GIVEN DATA

------------------------------------------------

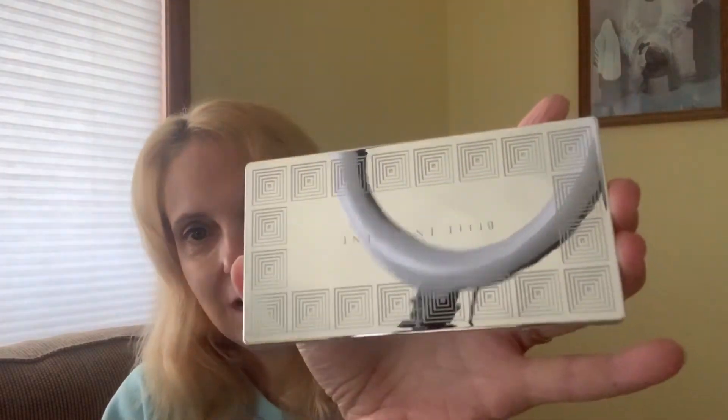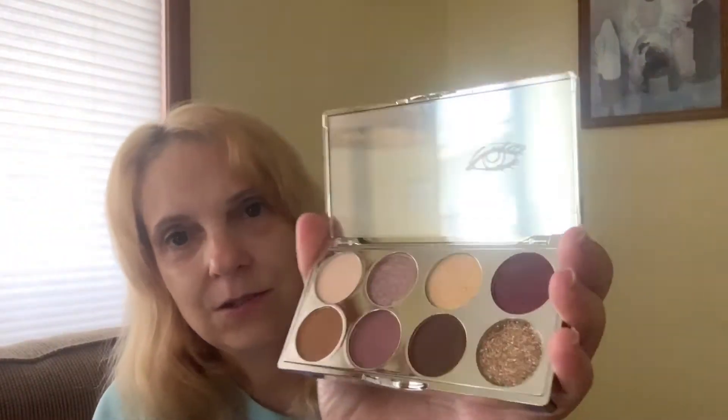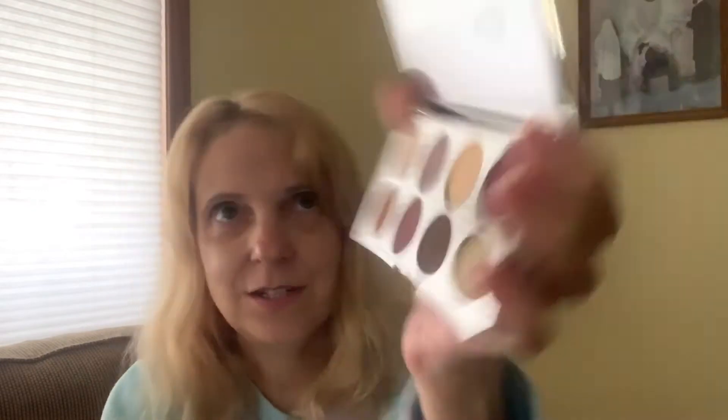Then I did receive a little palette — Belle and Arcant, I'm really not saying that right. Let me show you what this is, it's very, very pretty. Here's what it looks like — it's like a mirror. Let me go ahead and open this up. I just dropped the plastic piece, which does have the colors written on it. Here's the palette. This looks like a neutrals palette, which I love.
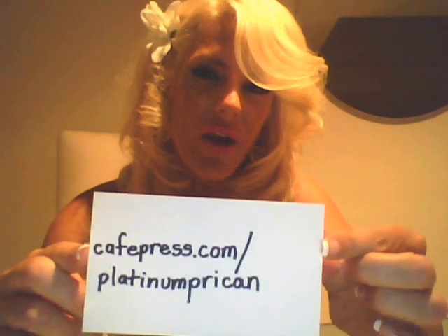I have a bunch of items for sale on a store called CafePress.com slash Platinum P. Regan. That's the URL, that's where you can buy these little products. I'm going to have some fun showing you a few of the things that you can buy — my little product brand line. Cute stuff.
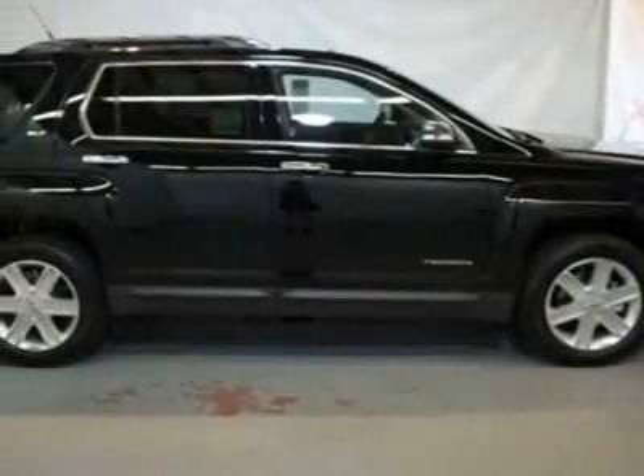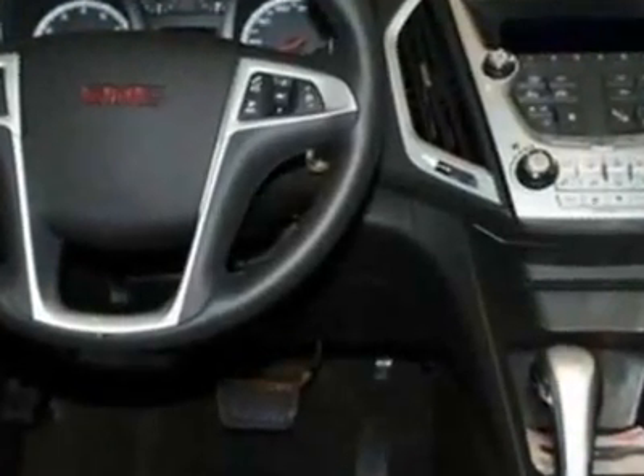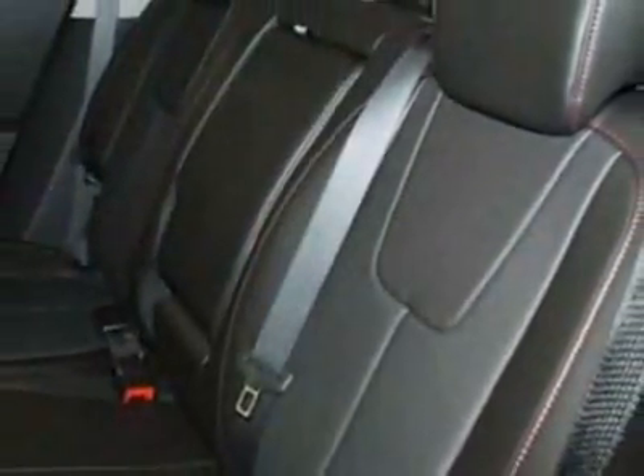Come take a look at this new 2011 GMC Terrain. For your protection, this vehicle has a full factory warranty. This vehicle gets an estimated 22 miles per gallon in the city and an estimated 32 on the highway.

------------------------------------------------

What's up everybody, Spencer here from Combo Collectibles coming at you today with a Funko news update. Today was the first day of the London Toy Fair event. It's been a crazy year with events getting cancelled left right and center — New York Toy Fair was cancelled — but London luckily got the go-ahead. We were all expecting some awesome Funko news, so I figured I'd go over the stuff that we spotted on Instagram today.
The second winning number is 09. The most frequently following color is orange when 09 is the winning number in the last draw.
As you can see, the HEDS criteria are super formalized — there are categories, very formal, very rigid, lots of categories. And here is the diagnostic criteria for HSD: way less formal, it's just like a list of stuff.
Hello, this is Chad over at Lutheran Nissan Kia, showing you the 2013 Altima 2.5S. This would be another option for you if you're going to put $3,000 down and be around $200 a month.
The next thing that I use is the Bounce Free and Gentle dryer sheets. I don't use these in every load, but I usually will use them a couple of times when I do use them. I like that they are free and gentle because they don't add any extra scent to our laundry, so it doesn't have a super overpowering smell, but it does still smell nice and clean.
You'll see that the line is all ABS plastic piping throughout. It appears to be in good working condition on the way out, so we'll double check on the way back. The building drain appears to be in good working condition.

------------------------------------------------

EXERCISE AIM
Could you set down, exactly as written, the lines above between the one holding "As you can see, the" and the one holding "You'll see that", inclusive, and nothing more?

EXERCISE ANSWER
As you can see, the HEDS criteria are super formalized — there are categories, very formal, very rigid, lots of categories. And here is the diagnostic criteria for HSD: way less formal, it's just like a list of stuff.
Hello, this is Chad over at Lutheran Nissan Kia, showing you the 2013 Altima 2.5S. This would be another option for you if you're going to put $3,000 down and be around $200 a month.
The next thing that I use is the Bounce Free and Gentle dryer sheets. I don't use these in every load, but I usually will use them a couple of times when I do use them. I like that they are free and gentle because they don't add any extra scent to our laundry, so it doesn't have a super overpowering smell, but it does still smell nice and clean.
You'll see that the line is all ABS plastic piping throughout. It appears to be in good working condition on the way out, so we'll double check on the way back. The building drain appears to be in good working condition.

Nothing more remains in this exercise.